Es ist jedenfalls bei weitem nicht auszuschließen, dass das Abkommen - trotz der langen Verhandlungen - am Ende nie in Kraft treten wird. Fakt ist: Wenn der Text, wie es früher üblich war, von allen Parlamenten in allen Mitgliedstaaten ratifiziert werden müsste, dann könnte man sich die Mühe sparen, dann würde das Abkommen unter Garantie gekippt, allen voran in Frankreich.
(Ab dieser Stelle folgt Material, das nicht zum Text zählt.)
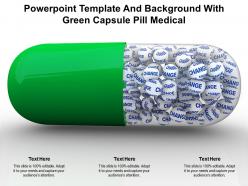 Powerpoint template and background with green capsule pill medical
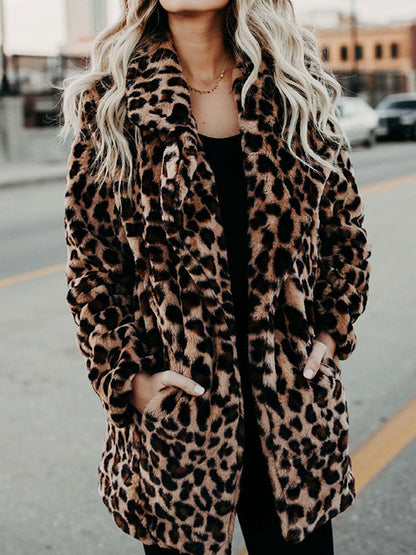 Sarah | Winter Coat in Leopard Print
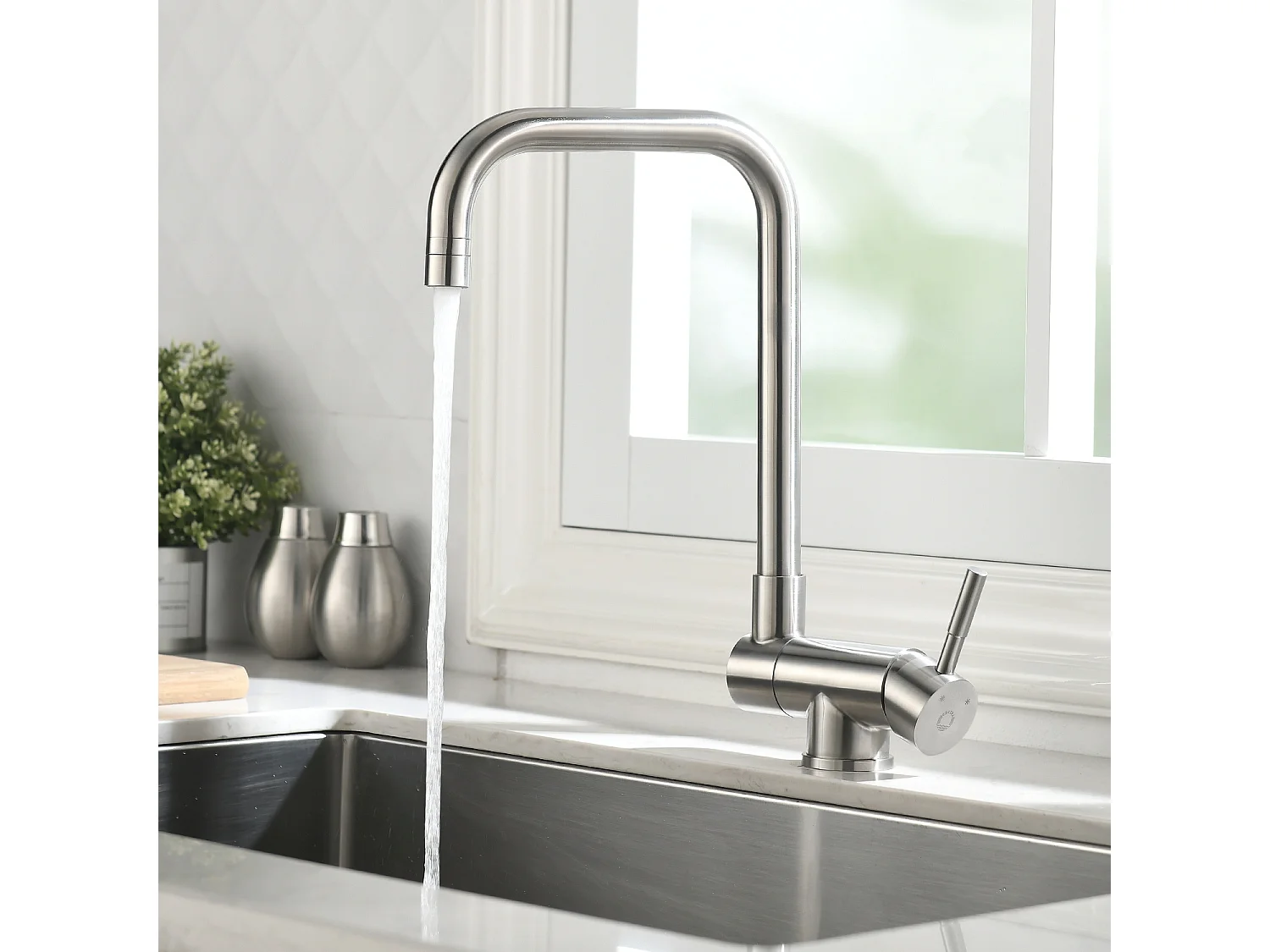 Cecipa max 2PCS neerklapbare spoelbakmengkraan - roestvrijstalen keukenkraan voor raam - 2 spuitmodi - geborsteld, EU-model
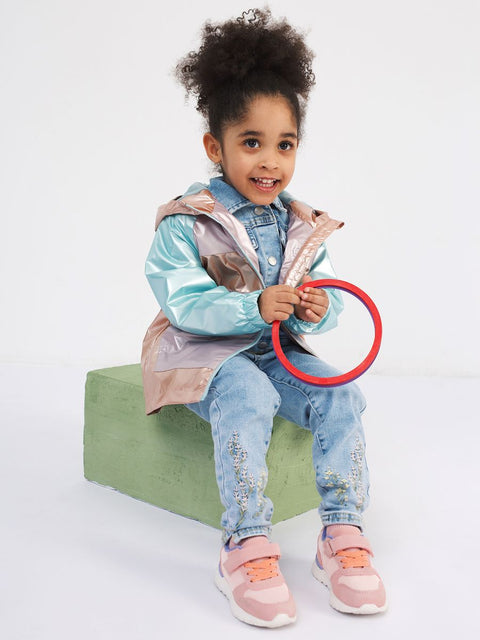 Reserved Baby Girl's Multicolor Nylon Hooded Jacket |Reserved In Lebanon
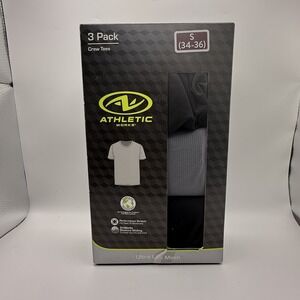 Athletic Works Men's S Small 3 Pack Crew Neck T-Shirts Performance Stretch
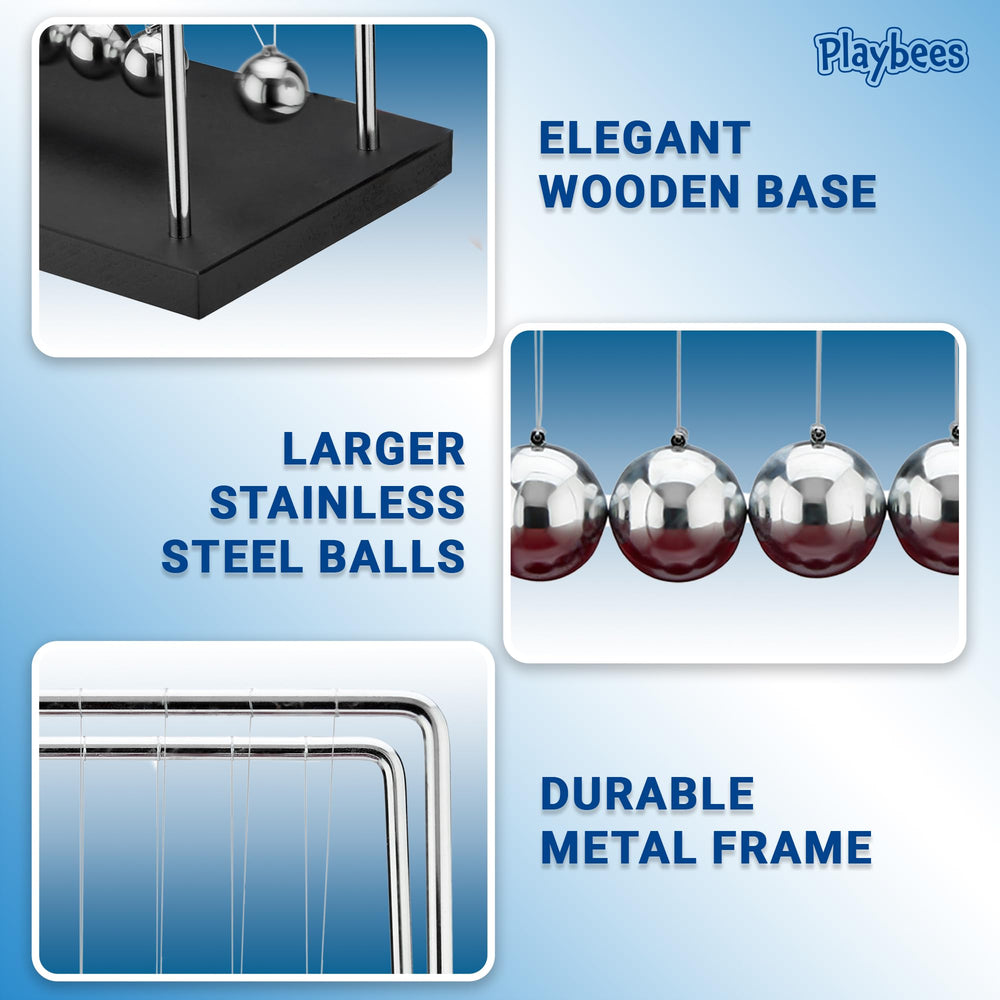 Playbees Newton's Cradle decor for a calm, focused work environment.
In jedem Fall werden die Regierungen der 27 EU-Staaten im Ministerrat über den Text zu entscheiden haben. Hier ist keine Einstimmigkeit nötig, sondern lediglich eine qualifizierte Mehrheit. Wenn Frankreich, Polen und Italien ausreichend Gegner um sich scharen können, dann können sie das Abkommen blockieren. Deswegen wird schon darüber nachgedacht, den Text zu splitten, um am Ende zumindest einen Teil des Deals durchzubekommen.
Auf jeden Fall zustimmen muss aber auch das EU-Parlament. Und angesichts der Proteste wird das mit Sicherheit eine hochspannende Angelegenheit. Mit einer Entscheidung wird frühestens in der zweiten Hälfte des kommenden Jahres gerechnet.
Für die EU steht hier auch geopolitisch viel auf dem Spiel. In Zeiten, in denen sich Länder wie die USA abschotten wollen, möchte die EU-Kommission quasi einen Gegenentwurf präsentieren, indem man stattdessen eben auf Kooperation setzt. Doch zuallererst wird man die eigenen Bürger in der EU überzeugen müssen. Denn auch hier bläst der Wind vielerorts von vorn - und das mitunter ziemlich rau.